Facing an ever-growing appetite for coal production this year, the country's work safety watchdog is mulling over the introduction of a "life-saving capsule" - a mine refuge facility placed deep in the mining shaft.

The underground space would provide oxygen, drinking water and food for miners seeking temporary safety from accidents, said Zhao Tiechui, deputy director of the State Administration of Work Safety and director of the State Administration of Coal Mine Safety.

The administration plans to start with pilot projects using the safety facility this year, said Zhao.

Earlier models of the facility will be those that are fixed in the mining shafts. Future structures made of metal in more sophisticated forms will be movable.

Zhao said such facilities have been used in foreign countries.

South Africa, Canada and Australia are among the countries that have already introduced such facilities, according to foreign media reports.

The new facility is expected to reduce China's large number of casualties in coal mine production.

A total of 2,631 coal miners died in mine accidents last year, down by 18 percent year-on-year, according to official figures released yesterday.

They died in 1,616 coal mine accidents, down 17 percent compared with the previous year.

Among the accidents, the deadliest occurred in Northeast China's Heilongjiang province, claiming 108 lives in November 2009.

Zhao said coal-mine safety made great strides last year, as the average number of deaths dropped to 0.89 for each 1 million tons of coal, compared with 1.18 in 2008.

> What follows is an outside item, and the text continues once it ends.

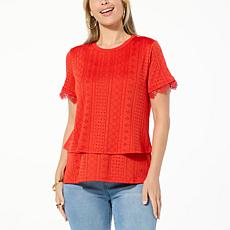 "As Is" DG2 by Diane Gilman Double Layer Jacquard Eyelet Knit Easy Tee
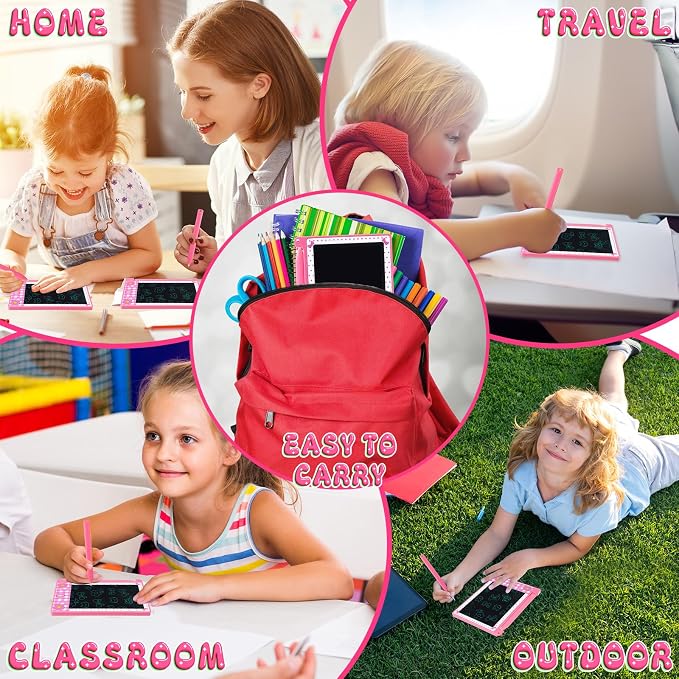 Nezyo 12 Pack Pink Bow LCD Writing Tablet for Kids Bulk 4.4 Inch Mini Doodle Board Drawing Tablet Colorful Erasable Electronic Drawing Pad Reusable Educational Learning Toys Birthday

China's gross crude coal output reached 2.95 billion tons in 2009, official figures show.

North China's Inner Mongolia autonomous region received the praise from Zhao for having kept the rate close to zero, or at 0.05. The region last year overtook neighboring Shanxi province as China's largest crude coal producer.

"The achievement is outstanding," work safety director Luo Lin said at yesterday's meeting.

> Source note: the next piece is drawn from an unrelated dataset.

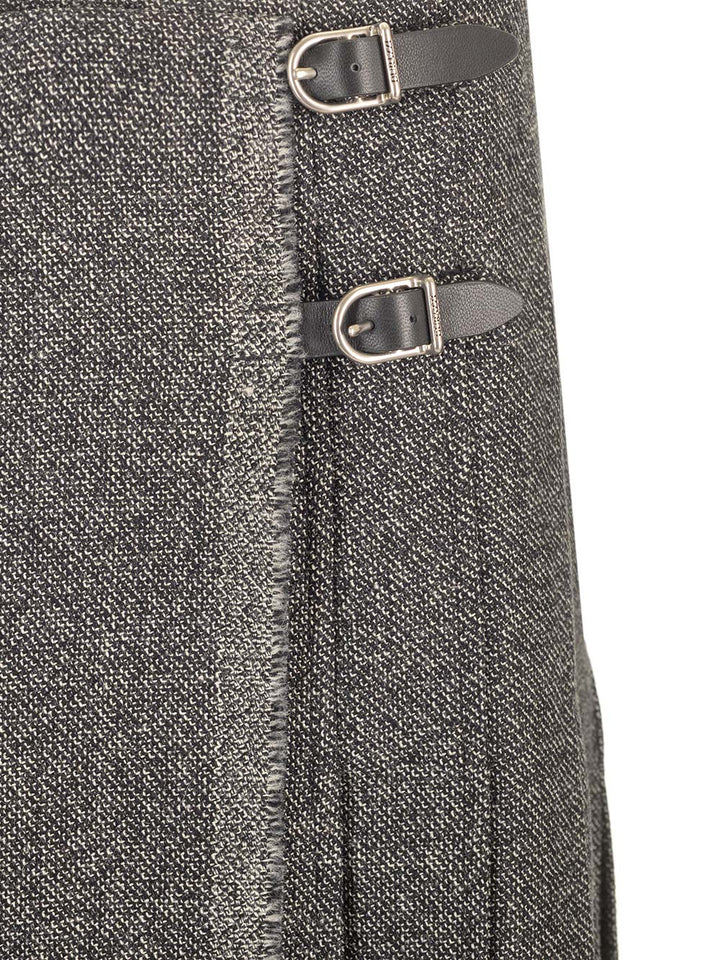 Durazzi Milano Pleated Midi Kilt Skirt Melange Black Skirts - Grey | d3bbd8a345065f4f68d9ec1f0a3d961b6e46db21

Luo said the autonomous region was able to do so because it invested heavily in work safety.

Zhao estimated that China's crude coal output in 2010 will rise to 3.1 billion tons, putting more pressure on coal-mine safety.

He said more than 4,400 coal mines are expanding or about to boost their capacities.

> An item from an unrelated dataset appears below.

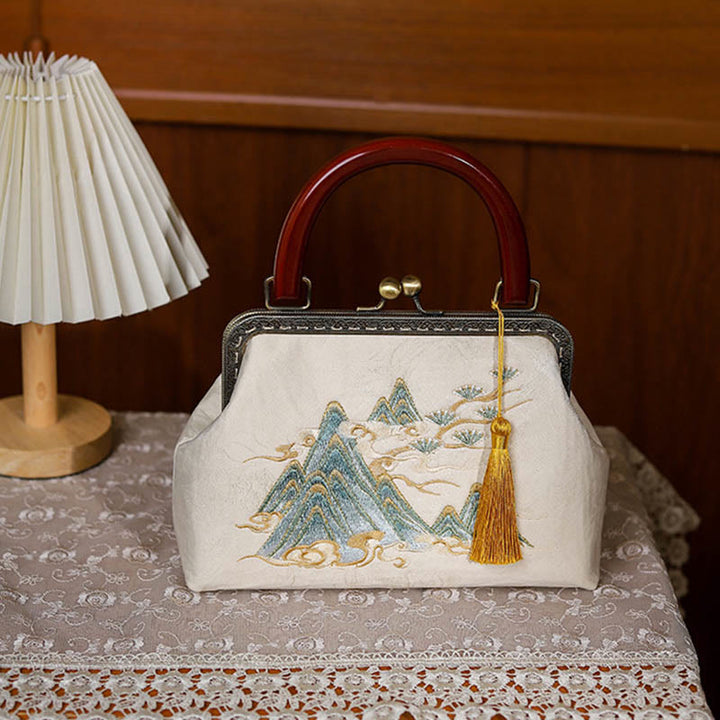 Buddha Stones Landscape Painting Jacquard Handbag Crossbody Bag - image 1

In addition, the growing depths of pits at China's coal mines add to Zhao's worries.

"The average depth is 456 m," he said. "The deepest goes to 1,365 m."

"It shocked my colleagues in South Africa when I told them that," he added.

Coal miners in South Africa usually stop digging at 350 m underground.

The administration also vowed to tighten controls on small coal mines, which it said accounted for nearly 70 percent of coal-mine deaths last year.

"We must limit the number of small coal mines to 10,000 by the end of this year," added Zhao.

The watchdog closed 1,088 such mines in 2009.